You know me…I’m always tracking down symbolic meanings, and my forays into agricultural cultivation have offered a garden of symbolism…ripe for the plucking. So let’s start tilling those symbolic garden meanings

The most profound symbolic meanings come when we can draw parallels between our external world and our internal world. Gardens open their gates willingly to these kinds of parallel experiences.

Most notable is how we can equate gardens to our psychological standing. How? Easy.
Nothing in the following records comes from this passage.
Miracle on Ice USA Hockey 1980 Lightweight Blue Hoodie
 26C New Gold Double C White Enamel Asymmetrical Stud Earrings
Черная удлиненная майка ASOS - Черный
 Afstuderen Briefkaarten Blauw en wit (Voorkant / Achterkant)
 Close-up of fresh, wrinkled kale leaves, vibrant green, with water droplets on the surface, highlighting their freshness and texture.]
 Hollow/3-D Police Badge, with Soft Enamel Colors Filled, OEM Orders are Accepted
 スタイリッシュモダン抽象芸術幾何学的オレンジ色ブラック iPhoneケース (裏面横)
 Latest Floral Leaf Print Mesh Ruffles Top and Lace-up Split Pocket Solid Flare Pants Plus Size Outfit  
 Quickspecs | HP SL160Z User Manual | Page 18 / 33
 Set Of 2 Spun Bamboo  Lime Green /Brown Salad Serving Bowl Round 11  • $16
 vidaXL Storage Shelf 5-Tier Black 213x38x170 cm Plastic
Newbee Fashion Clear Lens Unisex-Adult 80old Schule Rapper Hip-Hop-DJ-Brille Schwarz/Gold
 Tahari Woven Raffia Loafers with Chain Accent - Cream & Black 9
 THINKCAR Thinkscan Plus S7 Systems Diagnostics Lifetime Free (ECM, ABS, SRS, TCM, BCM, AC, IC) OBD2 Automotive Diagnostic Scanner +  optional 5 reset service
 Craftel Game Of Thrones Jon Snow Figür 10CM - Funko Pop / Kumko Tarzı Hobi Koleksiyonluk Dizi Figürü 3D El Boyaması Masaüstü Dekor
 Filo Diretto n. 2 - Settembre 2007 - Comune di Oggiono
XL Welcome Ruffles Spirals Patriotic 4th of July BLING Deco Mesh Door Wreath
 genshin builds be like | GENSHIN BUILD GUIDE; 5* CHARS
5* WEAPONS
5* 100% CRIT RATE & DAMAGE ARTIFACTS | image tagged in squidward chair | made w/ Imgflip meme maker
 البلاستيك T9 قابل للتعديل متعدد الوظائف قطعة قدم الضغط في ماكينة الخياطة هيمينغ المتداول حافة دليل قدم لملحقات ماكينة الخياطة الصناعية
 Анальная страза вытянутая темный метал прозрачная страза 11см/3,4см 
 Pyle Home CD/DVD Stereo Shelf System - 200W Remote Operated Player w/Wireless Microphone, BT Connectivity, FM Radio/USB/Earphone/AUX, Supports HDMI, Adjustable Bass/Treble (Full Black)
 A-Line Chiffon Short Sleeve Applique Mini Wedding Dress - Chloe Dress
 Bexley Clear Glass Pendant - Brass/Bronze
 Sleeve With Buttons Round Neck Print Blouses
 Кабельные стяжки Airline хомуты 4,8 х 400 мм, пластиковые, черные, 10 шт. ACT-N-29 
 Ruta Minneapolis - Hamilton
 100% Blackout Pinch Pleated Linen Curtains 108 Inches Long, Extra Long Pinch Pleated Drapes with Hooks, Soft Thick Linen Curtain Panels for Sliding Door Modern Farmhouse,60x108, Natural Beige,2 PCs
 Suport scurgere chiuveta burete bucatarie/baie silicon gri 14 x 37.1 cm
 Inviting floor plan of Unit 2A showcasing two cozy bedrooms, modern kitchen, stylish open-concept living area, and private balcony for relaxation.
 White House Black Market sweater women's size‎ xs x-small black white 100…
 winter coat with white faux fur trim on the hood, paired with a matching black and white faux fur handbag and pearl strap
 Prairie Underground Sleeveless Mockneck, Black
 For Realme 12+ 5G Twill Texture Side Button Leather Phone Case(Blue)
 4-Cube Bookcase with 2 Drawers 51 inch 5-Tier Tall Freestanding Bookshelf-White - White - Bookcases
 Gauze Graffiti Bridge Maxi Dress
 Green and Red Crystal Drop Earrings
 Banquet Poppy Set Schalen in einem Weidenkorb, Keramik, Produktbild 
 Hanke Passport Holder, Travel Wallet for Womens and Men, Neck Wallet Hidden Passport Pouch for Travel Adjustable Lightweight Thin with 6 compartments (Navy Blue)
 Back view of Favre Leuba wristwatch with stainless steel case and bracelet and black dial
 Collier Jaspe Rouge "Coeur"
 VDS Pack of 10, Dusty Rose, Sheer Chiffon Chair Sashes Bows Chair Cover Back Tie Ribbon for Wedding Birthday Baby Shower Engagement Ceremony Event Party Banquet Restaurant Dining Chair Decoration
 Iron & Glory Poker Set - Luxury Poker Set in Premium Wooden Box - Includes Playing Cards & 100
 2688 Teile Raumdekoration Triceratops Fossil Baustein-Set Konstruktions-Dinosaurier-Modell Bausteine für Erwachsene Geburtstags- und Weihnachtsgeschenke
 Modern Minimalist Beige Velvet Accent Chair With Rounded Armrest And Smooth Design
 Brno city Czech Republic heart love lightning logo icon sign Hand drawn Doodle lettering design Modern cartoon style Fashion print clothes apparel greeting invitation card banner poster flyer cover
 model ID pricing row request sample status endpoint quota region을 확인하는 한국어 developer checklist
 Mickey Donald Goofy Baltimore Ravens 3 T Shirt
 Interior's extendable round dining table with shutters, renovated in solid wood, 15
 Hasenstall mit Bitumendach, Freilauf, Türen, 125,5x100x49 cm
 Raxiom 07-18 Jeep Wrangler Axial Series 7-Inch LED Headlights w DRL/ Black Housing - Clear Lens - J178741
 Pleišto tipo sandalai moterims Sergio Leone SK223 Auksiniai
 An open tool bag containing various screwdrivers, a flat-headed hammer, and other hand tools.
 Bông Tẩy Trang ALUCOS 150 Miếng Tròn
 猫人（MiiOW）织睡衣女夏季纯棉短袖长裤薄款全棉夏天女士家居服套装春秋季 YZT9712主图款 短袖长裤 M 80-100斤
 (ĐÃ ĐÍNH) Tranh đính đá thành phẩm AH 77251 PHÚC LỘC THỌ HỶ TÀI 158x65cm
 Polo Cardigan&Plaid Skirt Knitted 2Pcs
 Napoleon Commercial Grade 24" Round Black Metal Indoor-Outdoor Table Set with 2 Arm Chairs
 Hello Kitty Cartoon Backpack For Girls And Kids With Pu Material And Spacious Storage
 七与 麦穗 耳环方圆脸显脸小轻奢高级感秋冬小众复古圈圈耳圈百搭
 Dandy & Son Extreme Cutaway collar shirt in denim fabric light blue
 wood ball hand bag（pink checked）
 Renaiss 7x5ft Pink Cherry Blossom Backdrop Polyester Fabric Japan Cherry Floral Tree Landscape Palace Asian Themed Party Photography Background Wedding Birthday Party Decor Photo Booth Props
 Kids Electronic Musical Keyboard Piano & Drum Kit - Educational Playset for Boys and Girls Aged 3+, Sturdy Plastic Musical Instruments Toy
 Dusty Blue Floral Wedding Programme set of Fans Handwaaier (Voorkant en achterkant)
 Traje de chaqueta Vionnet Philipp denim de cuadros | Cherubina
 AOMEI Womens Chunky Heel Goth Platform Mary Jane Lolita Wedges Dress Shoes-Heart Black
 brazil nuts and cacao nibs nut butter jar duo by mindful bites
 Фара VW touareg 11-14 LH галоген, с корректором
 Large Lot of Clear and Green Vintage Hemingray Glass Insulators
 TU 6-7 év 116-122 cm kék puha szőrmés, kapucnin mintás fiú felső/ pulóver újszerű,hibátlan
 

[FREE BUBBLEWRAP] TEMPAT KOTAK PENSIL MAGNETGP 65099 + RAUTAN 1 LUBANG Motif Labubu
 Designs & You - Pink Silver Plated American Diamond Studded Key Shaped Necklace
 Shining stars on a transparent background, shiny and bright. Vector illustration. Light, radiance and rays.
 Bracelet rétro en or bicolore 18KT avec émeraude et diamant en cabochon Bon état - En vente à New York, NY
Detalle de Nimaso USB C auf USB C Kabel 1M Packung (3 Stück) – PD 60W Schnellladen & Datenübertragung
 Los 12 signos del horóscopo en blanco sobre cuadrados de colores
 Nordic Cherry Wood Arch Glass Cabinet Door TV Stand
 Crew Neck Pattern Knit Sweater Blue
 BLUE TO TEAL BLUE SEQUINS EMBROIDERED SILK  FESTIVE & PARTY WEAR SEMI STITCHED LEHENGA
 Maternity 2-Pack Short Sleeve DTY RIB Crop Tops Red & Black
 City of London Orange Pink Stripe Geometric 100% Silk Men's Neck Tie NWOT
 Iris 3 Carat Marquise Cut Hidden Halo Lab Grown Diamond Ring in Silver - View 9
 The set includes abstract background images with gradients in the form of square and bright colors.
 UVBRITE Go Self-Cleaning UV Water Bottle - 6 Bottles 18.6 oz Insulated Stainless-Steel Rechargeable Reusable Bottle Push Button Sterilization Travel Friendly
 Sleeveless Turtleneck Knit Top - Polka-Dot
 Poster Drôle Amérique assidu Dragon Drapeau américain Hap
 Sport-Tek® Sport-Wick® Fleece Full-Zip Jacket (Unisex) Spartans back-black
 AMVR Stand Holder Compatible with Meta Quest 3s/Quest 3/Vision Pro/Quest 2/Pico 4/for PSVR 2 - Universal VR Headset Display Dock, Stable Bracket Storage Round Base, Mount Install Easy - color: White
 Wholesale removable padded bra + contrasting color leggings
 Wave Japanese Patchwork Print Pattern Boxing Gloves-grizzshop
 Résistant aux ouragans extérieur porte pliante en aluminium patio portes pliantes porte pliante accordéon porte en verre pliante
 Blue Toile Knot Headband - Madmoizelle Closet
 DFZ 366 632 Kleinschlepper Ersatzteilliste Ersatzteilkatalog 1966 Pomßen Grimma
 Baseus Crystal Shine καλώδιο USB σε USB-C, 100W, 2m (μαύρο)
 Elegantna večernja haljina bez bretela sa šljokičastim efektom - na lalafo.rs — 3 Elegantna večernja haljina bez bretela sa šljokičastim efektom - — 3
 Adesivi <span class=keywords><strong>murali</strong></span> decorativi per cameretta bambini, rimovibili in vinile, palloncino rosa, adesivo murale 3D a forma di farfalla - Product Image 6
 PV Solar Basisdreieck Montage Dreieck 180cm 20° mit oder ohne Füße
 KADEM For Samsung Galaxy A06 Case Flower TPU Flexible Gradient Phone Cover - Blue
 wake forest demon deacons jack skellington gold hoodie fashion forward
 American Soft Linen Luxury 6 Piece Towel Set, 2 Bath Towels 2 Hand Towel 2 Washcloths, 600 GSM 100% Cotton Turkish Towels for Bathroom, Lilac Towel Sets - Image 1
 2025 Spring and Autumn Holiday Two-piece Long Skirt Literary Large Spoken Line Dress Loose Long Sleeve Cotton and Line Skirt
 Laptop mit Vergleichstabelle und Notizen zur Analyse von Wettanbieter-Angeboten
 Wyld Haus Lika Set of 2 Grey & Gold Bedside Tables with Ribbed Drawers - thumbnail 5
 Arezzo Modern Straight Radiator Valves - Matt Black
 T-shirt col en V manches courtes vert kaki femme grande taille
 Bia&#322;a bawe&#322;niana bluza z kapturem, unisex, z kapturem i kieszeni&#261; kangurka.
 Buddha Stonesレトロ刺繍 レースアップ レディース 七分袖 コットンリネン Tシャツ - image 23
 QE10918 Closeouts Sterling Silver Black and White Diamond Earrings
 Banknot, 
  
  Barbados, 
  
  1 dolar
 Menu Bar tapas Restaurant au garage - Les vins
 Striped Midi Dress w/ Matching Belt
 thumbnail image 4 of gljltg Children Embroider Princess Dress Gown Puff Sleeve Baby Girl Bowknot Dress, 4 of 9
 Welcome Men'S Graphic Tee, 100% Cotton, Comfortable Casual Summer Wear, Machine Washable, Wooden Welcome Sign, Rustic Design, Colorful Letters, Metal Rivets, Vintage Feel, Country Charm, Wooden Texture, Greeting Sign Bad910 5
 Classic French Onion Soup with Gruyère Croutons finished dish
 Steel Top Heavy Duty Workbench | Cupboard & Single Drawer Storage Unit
Symbolic Garden Meanings are Ready for the Picking When we Look for Them

Gardens need an ever-watchful eye to insure growth remains steady and strong. Same is true for our thoughts and feelings. Simply put, we must be the ever-vigilant gardener of our own minds. We must be active in rooting out wayward thoughts and pulling out the negative behaviors that are like weeds, choking out the fine potential fruit growing within us.

And just like earthly gardens, we’re going to have some tough conditions with which to contend, and these can threaten our emotional growth.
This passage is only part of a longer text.